- **About this exercise**
From the line containing "CHACOTT CAMISOLE LEOTARD WITH MESH OVERLAY" through the last line of the records below, each line is to be repeated exactly; pictures are to be omitted.

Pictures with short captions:
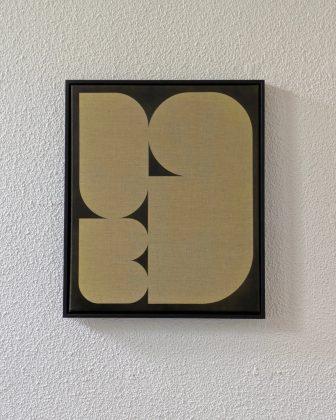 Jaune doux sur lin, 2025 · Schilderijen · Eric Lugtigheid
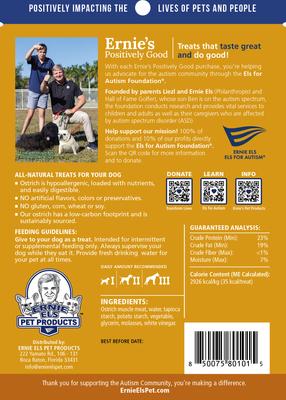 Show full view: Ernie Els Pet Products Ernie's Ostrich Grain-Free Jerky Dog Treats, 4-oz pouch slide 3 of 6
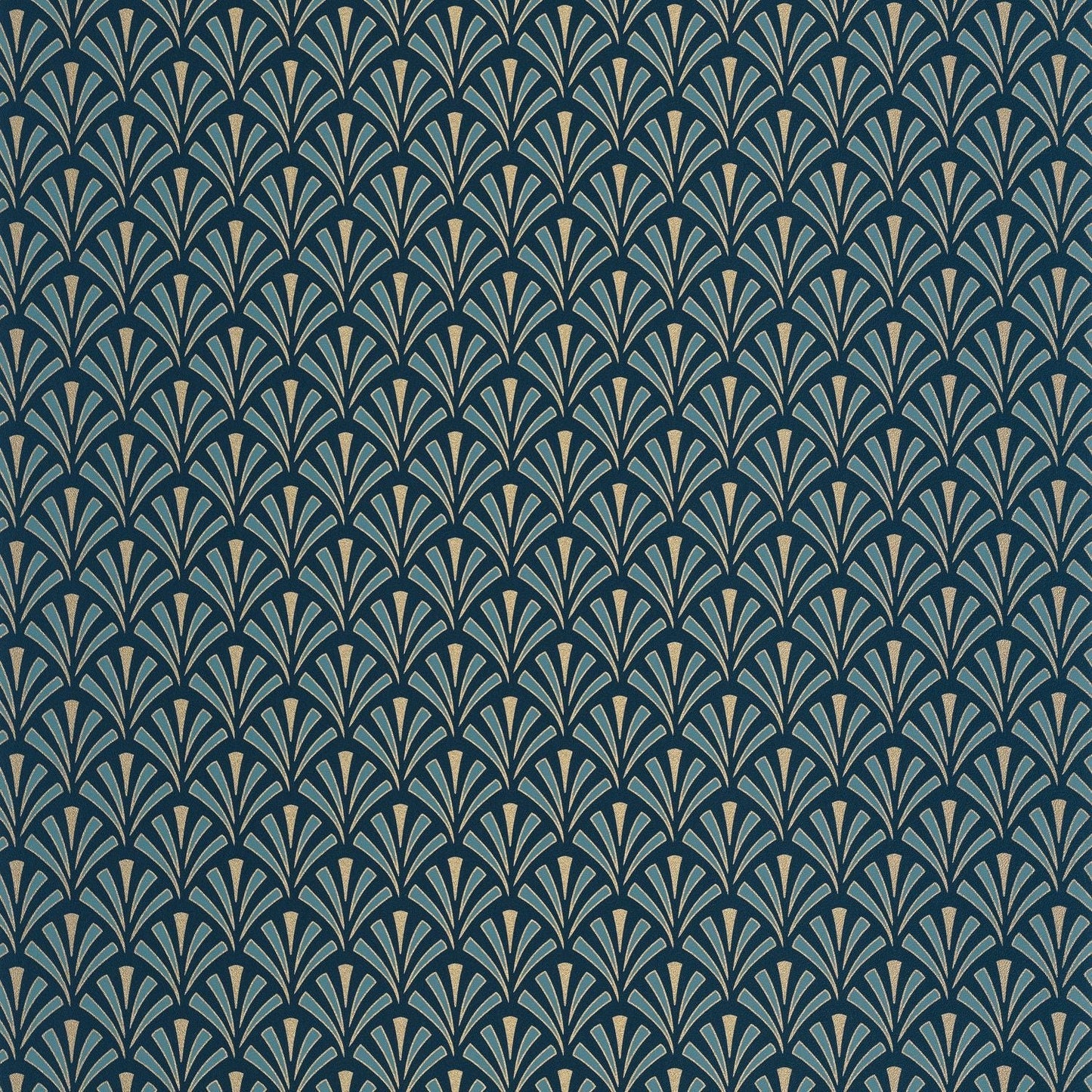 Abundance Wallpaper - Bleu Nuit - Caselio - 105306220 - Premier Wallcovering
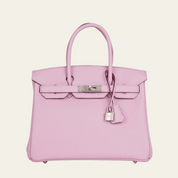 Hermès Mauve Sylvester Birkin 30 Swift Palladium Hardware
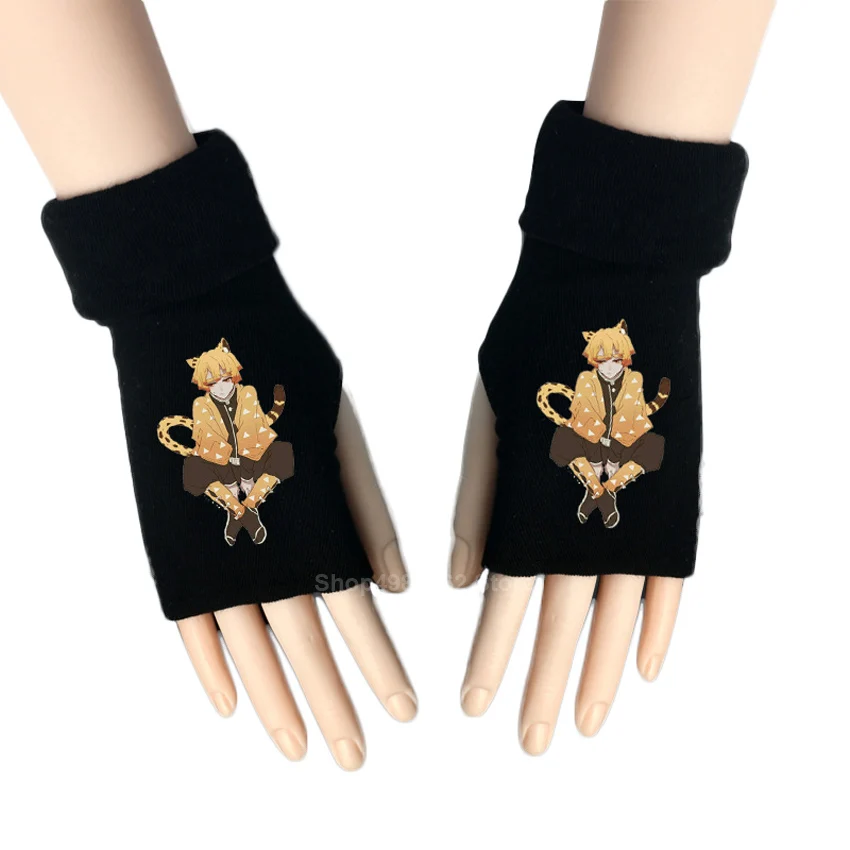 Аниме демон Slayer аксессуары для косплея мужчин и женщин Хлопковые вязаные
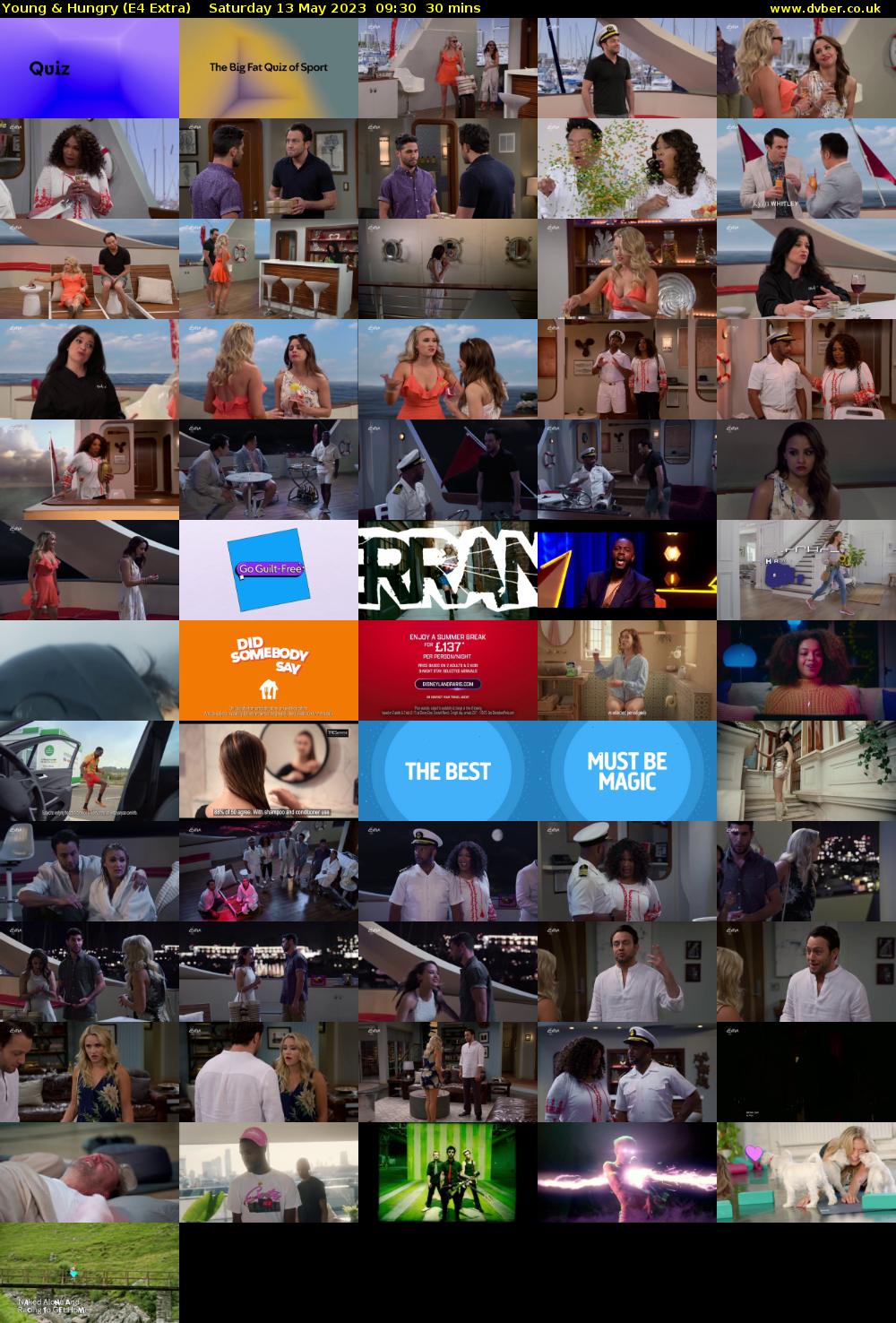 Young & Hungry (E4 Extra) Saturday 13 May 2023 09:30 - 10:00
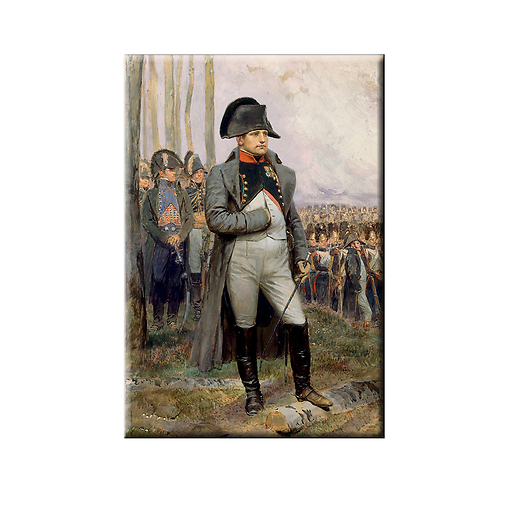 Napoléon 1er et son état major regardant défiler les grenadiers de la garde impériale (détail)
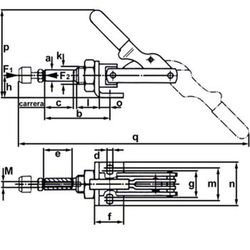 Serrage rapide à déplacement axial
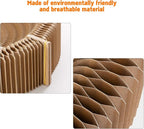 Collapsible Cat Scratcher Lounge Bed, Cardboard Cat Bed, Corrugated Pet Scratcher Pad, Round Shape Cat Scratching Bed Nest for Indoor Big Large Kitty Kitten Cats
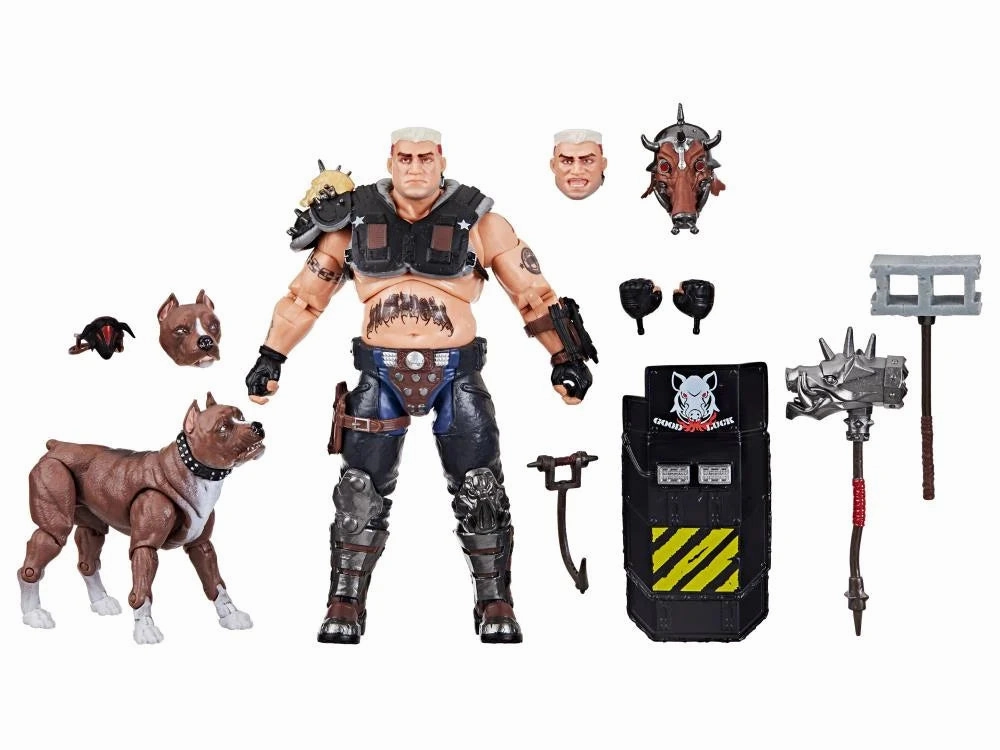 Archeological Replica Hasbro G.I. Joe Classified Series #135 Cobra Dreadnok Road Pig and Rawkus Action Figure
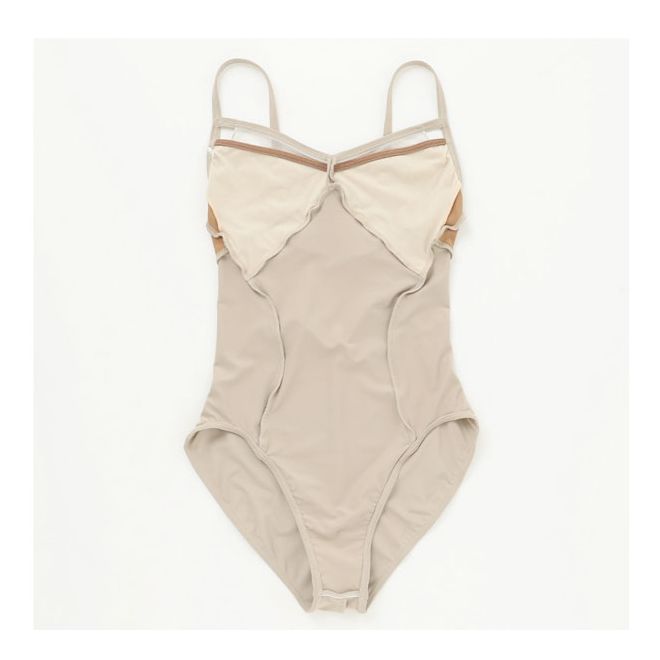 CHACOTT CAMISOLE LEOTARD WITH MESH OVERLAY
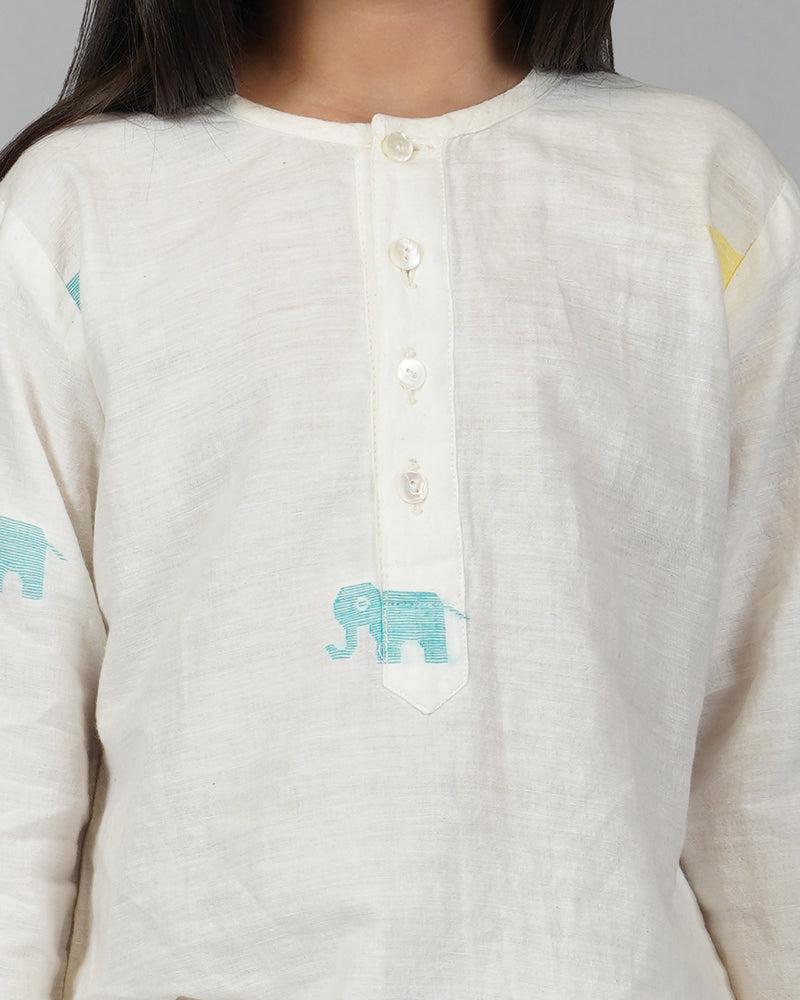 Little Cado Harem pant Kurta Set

- **Exercise solution**
 CHACOTT CAMISOLE LEOTARD WITH MESH OVERLAY
 Little Cado Harem pant Kurta Set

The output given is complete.